## Rename and group genomes (pt2 Siavash HGT)

### I. Rename each genome:
For each **"mutated.fasta"** in ./input/simulated_genomes/*/mutated_*/mutated.fasta:<Br>
Give it a more useful name like **"AG-359-G18_a22_aad001.fasta"**

In [11]:
import pandas as pd
from glob import glob
import shutil
import os
from os.path import exists

PATTERN_input = "./input/simulated_genomes/*/mutated_*/mutated.fasta"
DIR_mid = "./mid/0_mutated_genomes/"
DIR_out = "./mid/1_grouped_genomes/"

LIST_to_copy = glob(PATTERN_input)
for SRC in LIST_to_copy:
    #print(SRC)
    #STR_basename = SRC.split('/')[-2]
    STR_basename = SRC.split('/')[-2].replace('mutated_BLOSUM62_','')
    DST = DIR_mid + STR_basename + ".fasta"
    if not exists(DST):
        shutil.copyfile(SRC, DST)

print("All renamed")



All renamed


### II. Group each genome
...into sets that share both a base genome and alpha value (e.g. 'AG-315-G18_a22').<Br>
Such that genomes in a group would differ only by average amino acid distance (aad):
* 'AG-315-G18_a22_**aad0005**.fasta'
* 'AG-315-G18_a22_**aad001**.fasta'
* 'AG-315-G18_a22_**aad002**.fasta'
* etc..

#### Why?
Because in the next section we will run ANI on pairs among these genomes

In [63]:
### Group each fasta by its source genome and aad (e.g. "AG-315-G18_a22" has a group of 26 fastas with different aad values)
LIST_files_to_group = glob(DIR_mid + "*.fasta")
DF = pd.DataFrame({'SRC': LIST_files_to_group})
DF['group'] = DF['SRC'].str.split('/',expand=True)[3].str.replace('_aad','~').str.split('~').str[0]
print("Grouping "+str(len(DF))+" fastas based on their source genome and aad")

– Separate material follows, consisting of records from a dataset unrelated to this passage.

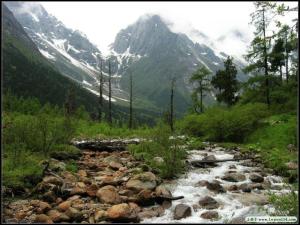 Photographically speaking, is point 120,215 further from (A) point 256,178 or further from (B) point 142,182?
(A) point 256,178

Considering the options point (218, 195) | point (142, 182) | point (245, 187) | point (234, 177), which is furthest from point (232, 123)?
point (142, 182)

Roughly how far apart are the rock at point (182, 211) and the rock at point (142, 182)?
6.92 feet

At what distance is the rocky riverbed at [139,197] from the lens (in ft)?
39.9

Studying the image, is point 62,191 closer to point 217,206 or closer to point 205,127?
point 217,206

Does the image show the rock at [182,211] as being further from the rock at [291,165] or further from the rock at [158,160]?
the rock at [291,165]

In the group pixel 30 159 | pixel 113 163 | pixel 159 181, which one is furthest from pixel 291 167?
pixel 30 159

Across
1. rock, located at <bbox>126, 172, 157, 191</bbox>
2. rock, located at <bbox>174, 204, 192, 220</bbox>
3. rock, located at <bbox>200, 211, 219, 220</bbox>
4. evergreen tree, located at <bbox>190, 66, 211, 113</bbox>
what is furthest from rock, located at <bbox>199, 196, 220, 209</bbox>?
evergreen tree, located at <bbox>190, 66, 211, 113</bbox>

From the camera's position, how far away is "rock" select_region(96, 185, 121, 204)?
13617 millimetres

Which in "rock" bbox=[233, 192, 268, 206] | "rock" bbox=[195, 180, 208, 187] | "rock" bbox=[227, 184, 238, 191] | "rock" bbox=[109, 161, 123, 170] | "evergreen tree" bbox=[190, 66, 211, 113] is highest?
"evergreen tree" bbox=[190, 66, 211, 113]

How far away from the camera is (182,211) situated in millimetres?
12719

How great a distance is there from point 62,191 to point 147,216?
3.90 meters

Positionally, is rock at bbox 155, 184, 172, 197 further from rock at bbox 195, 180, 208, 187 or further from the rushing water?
rock at bbox 195, 180, 208, 187

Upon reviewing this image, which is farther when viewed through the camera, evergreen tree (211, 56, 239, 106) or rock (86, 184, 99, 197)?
evergreen tree (211, 56, 239, 106)

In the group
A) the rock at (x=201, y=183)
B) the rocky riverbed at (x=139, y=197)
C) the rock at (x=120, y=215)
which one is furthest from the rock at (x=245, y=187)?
the rock at (x=120, y=215) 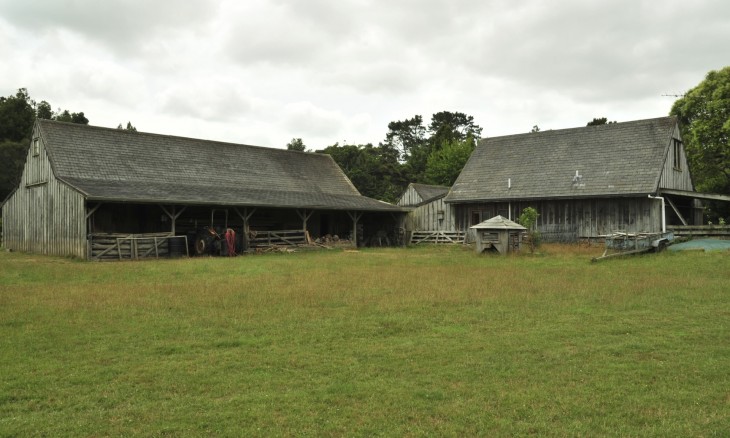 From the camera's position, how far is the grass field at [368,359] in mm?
5109

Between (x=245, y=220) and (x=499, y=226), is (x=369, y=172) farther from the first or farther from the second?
(x=499, y=226)

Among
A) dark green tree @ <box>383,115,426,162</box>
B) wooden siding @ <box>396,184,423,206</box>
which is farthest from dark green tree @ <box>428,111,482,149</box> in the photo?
wooden siding @ <box>396,184,423,206</box>

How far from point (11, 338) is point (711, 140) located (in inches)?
1514

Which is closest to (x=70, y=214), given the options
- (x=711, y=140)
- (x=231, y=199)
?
(x=231, y=199)

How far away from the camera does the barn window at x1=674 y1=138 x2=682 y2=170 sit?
30609 millimetres

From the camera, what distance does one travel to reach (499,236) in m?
24.3

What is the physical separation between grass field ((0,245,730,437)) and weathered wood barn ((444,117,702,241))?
15178 mm

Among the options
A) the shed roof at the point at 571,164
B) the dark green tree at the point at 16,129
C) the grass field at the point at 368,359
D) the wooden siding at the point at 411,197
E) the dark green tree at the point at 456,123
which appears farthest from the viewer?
the dark green tree at the point at 456,123

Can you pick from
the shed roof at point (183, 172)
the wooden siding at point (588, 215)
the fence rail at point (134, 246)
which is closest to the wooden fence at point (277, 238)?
the shed roof at point (183, 172)

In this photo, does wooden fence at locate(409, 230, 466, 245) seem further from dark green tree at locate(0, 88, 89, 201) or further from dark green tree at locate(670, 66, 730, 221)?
dark green tree at locate(0, 88, 89, 201)

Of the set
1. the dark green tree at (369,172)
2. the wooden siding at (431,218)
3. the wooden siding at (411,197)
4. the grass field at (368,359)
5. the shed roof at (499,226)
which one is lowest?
the grass field at (368,359)

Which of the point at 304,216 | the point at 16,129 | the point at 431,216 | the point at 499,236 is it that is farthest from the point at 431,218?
the point at 16,129

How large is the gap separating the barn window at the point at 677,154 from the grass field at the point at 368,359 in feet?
63.5

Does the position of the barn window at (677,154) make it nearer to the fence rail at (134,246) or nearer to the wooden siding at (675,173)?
the wooden siding at (675,173) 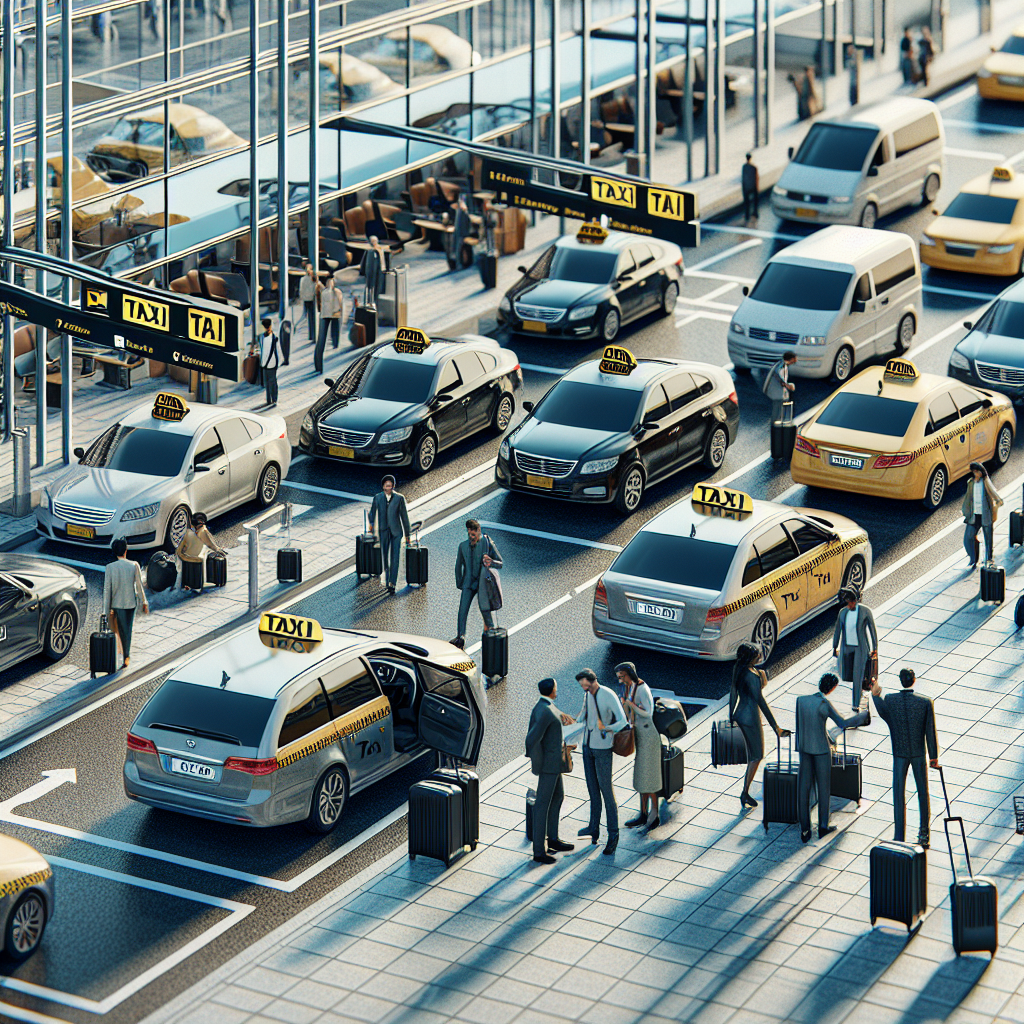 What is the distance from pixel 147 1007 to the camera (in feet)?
52.5

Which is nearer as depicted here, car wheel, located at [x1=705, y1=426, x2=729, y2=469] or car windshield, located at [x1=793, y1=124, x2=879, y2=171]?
car wheel, located at [x1=705, y1=426, x2=729, y2=469]

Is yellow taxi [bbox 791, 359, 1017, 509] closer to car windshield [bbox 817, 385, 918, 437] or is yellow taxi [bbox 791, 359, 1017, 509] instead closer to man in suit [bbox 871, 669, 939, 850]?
car windshield [bbox 817, 385, 918, 437]

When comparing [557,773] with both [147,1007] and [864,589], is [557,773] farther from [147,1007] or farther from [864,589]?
[864,589]

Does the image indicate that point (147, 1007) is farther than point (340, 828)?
No

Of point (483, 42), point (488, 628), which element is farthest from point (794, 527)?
point (483, 42)

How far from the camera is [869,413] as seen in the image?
90.7 feet

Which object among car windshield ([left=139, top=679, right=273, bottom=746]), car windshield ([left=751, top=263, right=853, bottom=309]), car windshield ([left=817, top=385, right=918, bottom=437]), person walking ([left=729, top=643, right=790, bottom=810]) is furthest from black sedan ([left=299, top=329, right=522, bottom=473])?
person walking ([left=729, top=643, right=790, bottom=810])

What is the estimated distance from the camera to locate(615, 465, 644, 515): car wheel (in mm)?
27234

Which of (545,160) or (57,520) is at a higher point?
(545,160)

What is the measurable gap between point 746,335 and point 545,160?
13.5 ft

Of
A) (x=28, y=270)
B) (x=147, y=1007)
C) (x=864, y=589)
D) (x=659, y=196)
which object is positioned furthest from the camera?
(x=28, y=270)

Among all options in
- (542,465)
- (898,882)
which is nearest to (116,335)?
(542,465)

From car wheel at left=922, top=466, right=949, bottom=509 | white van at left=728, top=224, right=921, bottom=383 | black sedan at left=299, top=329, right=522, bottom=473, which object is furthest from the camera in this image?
white van at left=728, top=224, right=921, bottom=383

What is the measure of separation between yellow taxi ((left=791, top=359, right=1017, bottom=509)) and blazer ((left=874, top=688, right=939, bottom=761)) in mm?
9522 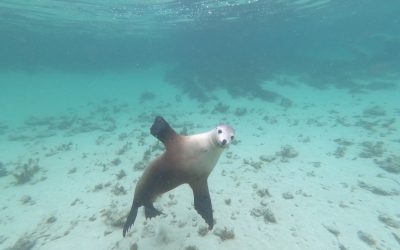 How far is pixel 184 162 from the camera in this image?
3.82 meters

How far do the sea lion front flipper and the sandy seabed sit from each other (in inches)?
82.4

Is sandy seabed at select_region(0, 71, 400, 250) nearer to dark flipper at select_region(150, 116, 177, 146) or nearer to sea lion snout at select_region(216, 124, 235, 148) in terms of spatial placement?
dark flipper at select_region(150, 116, 177, 146)

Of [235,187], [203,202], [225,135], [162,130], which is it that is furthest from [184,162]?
Answer: [235,187]

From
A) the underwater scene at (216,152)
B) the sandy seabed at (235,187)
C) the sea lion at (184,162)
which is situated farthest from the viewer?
the sandy seabed at (235,187)

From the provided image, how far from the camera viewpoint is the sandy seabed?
653 centimetres

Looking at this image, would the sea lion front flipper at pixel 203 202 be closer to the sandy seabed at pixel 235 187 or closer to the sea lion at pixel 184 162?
the sea lion at pixel 184 162

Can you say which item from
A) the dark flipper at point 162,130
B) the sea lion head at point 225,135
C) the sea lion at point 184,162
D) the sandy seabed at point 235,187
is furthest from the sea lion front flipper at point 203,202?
the sandy seabed at point 235,187

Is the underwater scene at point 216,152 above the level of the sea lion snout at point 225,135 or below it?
below

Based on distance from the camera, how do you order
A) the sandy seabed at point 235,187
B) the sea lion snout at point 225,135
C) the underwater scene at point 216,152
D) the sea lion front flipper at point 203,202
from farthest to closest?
the sandy seabed at point 235,187 → the underwater scene at point 216,152 → the sea lion front flipper at point 203,202 → the sea lion snout at point 225,135

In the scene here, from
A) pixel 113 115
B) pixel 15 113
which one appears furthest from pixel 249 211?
pixel 15 113

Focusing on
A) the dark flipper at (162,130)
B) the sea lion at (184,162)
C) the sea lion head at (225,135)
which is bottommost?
the sea lion at (184,162)

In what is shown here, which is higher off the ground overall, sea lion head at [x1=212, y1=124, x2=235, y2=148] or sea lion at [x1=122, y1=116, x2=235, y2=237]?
sea lion head at [x1=212, y1=124, x2=235, y2=148]

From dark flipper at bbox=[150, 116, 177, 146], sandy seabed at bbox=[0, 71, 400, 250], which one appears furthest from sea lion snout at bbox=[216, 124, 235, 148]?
sandy seabed at bbox=[0, 71, 400, 250]

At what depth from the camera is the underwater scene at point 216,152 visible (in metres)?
6.29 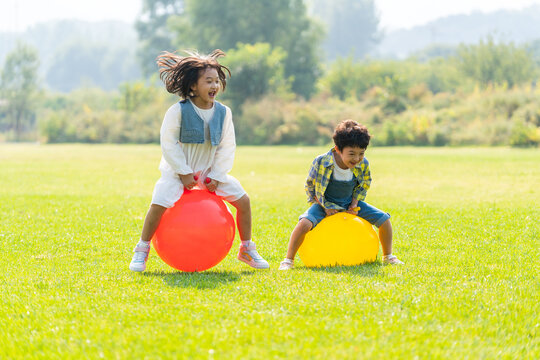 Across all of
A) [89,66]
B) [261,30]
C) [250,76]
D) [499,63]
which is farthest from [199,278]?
[89,66]

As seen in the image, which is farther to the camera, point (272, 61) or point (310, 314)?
point (272, 61)

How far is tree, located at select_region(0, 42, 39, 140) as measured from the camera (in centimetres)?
6888

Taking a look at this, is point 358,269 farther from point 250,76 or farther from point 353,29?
point 353,29

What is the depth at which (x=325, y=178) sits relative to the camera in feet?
20.1

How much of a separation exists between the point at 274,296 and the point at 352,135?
185cm

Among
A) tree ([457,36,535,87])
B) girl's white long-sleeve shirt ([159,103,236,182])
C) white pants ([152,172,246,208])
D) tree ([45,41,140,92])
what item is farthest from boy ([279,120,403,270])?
tree ([45,41,140,92])

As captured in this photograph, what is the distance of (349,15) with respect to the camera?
151 metres

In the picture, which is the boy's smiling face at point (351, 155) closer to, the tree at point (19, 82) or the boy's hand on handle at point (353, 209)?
the boy's hand on handle at point (353, 209)

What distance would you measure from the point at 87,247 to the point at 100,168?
13.7 meters

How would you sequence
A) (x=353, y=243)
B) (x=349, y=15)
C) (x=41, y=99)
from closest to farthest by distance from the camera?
(x=353, y=243) < (x=41, y=99) < (x=349, y=15)

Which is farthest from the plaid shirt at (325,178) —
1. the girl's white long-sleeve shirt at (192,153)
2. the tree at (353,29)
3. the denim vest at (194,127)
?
the tree at (353,29)

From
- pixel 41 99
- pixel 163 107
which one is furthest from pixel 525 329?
pixel 41 99

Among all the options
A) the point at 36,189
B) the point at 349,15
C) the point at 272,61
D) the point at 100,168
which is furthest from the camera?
the point at 349,15

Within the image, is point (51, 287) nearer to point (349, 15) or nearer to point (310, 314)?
point (310, 314) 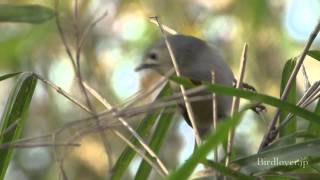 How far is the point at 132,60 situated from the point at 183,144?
50cm

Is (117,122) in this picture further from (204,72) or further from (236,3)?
(236,3)

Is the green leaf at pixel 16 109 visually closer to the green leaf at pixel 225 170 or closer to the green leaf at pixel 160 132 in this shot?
the green leaf at pixel 160 132

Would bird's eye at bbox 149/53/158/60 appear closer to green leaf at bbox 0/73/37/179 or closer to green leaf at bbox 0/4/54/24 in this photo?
green leaf at bbox 0/4/54/24

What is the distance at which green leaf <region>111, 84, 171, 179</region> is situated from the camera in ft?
4.89

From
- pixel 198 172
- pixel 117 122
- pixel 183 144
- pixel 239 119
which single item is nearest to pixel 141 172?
pixel 198 172

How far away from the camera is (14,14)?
1630 mm

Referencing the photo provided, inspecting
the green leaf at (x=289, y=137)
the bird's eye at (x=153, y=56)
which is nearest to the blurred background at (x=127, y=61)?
the bird's eye at (x=153, y=56)

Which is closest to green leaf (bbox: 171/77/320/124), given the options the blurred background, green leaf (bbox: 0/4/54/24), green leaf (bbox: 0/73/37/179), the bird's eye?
green leaf (bbox: 0/73/37/179)

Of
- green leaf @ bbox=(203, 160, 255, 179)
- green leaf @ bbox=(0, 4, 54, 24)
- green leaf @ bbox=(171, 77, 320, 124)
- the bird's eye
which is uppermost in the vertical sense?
the bird's eye

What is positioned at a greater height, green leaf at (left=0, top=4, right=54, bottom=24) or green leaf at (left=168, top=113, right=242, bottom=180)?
green leaf at (left=0, top=4, right=54, bottom=24)

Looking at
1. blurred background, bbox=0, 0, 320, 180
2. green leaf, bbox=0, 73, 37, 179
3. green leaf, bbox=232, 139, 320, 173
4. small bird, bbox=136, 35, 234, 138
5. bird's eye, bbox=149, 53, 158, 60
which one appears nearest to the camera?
green leaf, bbox=232, 139, 320, 173

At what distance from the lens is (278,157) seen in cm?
126

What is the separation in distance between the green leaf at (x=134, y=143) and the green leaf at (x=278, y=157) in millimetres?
259

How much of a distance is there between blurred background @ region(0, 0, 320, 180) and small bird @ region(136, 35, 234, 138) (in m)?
1.52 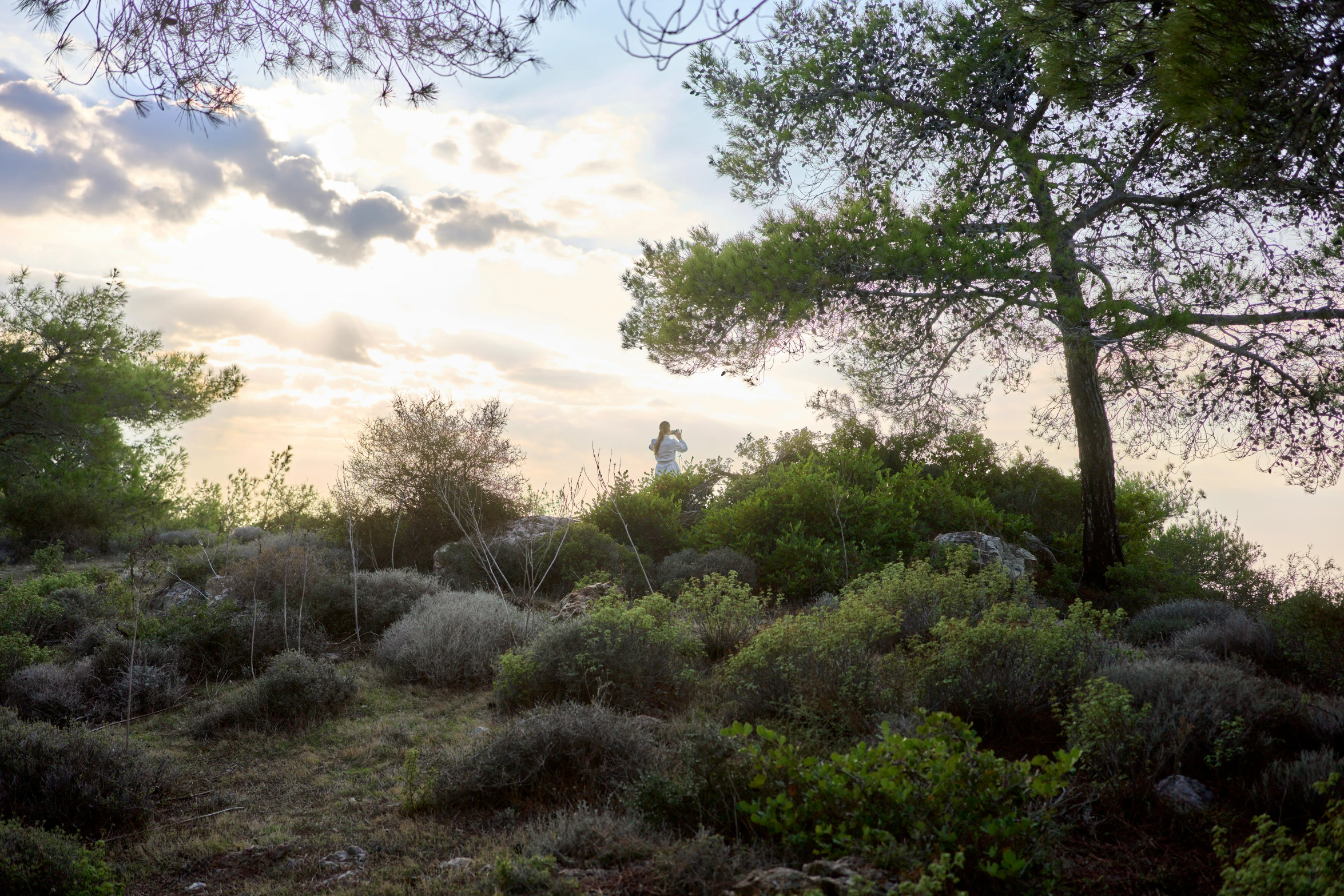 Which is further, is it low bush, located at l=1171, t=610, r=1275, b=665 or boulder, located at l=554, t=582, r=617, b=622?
boulder, located at l=554, t=582, r=617, b=622

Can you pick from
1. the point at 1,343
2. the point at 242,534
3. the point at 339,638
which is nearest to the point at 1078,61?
the point at 339,638

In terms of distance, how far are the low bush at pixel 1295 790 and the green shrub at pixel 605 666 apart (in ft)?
10.2

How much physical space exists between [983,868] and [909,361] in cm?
829

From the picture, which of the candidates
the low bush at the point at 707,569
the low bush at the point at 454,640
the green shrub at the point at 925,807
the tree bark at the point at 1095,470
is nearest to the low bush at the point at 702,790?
the green shrub at the point at 925,807

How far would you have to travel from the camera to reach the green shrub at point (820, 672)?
4552 mm

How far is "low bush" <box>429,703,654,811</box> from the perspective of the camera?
3.94 m

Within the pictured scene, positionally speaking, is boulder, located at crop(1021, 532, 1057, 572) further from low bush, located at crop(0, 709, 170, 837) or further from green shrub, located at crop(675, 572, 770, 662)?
low bush, located at crop(0, 709, 170, 837)

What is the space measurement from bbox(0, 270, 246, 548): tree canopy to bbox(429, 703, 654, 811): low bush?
1538 centimetres

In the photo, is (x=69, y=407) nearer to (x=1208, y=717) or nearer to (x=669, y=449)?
(x=669, y=449)

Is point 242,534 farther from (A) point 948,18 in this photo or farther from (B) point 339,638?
(A) point 948,18

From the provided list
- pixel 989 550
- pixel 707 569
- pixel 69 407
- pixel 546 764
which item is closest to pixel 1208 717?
pixel 546 764

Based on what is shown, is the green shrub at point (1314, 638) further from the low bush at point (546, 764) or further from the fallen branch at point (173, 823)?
the fallen branch at point (173, 823)

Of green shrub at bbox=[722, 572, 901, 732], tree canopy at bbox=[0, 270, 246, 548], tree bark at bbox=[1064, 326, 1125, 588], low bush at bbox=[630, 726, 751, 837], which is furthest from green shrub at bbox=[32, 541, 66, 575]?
tree bark at bbox=[1064, 326, 1125, 588]

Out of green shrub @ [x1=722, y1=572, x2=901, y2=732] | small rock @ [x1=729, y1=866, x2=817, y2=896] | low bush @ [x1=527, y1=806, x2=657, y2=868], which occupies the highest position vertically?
green shrub @ [x1=722, y1=572, x2=901, y2=732] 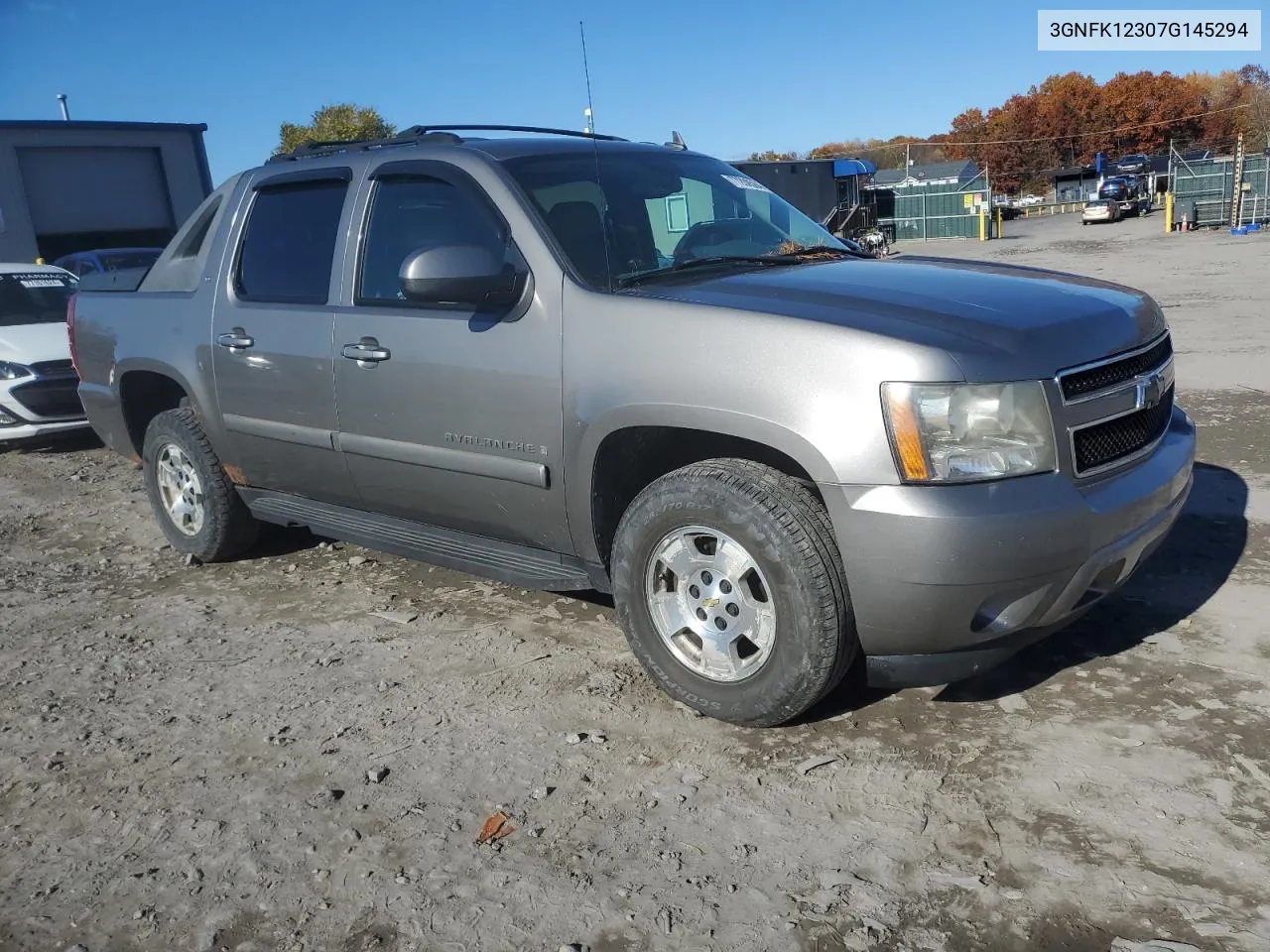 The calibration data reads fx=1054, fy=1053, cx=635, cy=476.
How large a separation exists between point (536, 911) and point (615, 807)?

### Create a directory for each group
LIST_dirs = list(DF['group'].value_counts().to_dict().keys())
for DIR in LIST_dirs:
    DIR_to_make = "./mid/1_grouped_genomes/"+DIR+"/"
    if not exists(DIR_to_make):
        os.mkdir(DIR_to_make)
print("Made folder for each group")

### Copy each fasta into its groupdir
DF["basename"] = DF['SRC'].str.split('/',expand=True)[3]
DF['DST'] = "./mid/1_grouped_genomes/" + DF['group'] + "/" + DF['basename']  # Derive destination name

for index, row in DF.iterrows():
    if not exists(row['DST']):
        shutil.copyfile(row['SRC'], row['DST'])
print("Copied each file into its group directory")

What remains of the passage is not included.